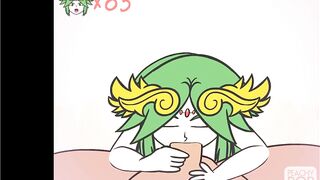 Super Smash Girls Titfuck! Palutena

----

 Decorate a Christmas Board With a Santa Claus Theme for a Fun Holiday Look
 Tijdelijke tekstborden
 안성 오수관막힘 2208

----

Could you repeat exactly the lines above from the line with "Decorate a Christmas" up to and including the line with "안성 오수관막힘 2208", and only those?

Output of the task:
 Decorate a Christmas Board With a Santa Claus Theme for a Fun Holiday Look
 Tijdelijke tekstborden
 안성 오수관막힘 2208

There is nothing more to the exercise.